▶ [AIM OF THE EXERCISE] The answer is all of the data repeated exactly, with each picture omitted.

▶ [SUPPLIED DATA]
####

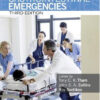 Gastrointestinal Emergencies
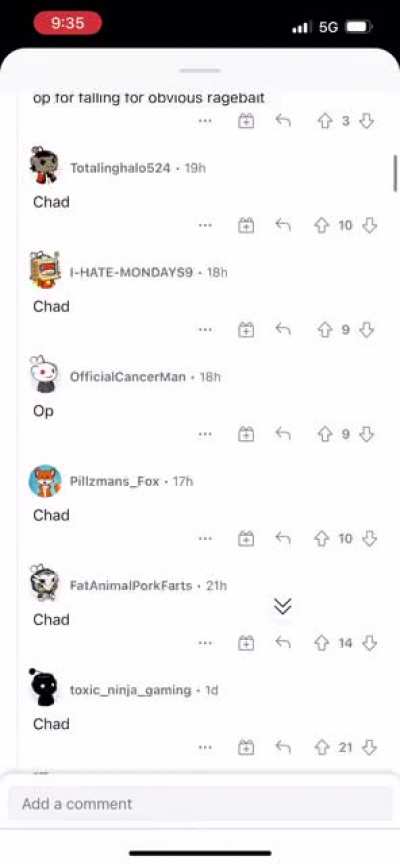 &ldquo;It&rsquo;S JuSt RAgE BaiT!?!?&rdquo;, I can guarantee over 90 percent of people who liked this meme are the same conservatives that vote for anti LGBTQ politicians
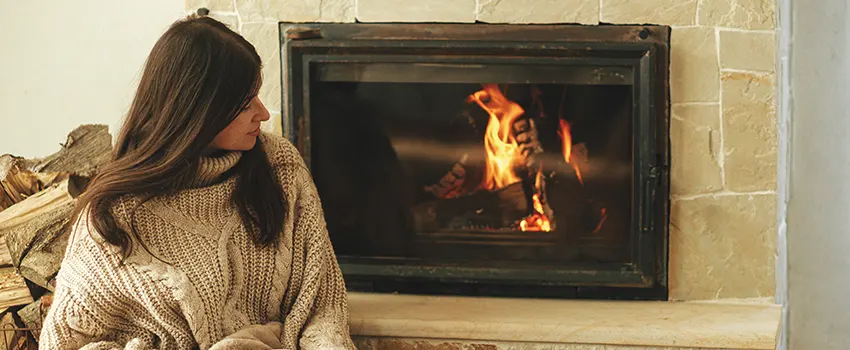 Regency Outdoor Fireplace Products Maintenance and Replacement Services in Gary, Indiana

####

▶ [SOLUTION FOR THIS TASK]
 Gastrointestinal Emergencies
 &ldquo;It&rsquo;S JuSt RAgE BaiT!?!?&rdquo;, I can guarantee over 90 percent of people who liked this meme are the same conservatives that vote for anti LGBTQ politicians
 Regency Outdoor Fireplace Products Maintenance and Replacement Services in Gary, Indiana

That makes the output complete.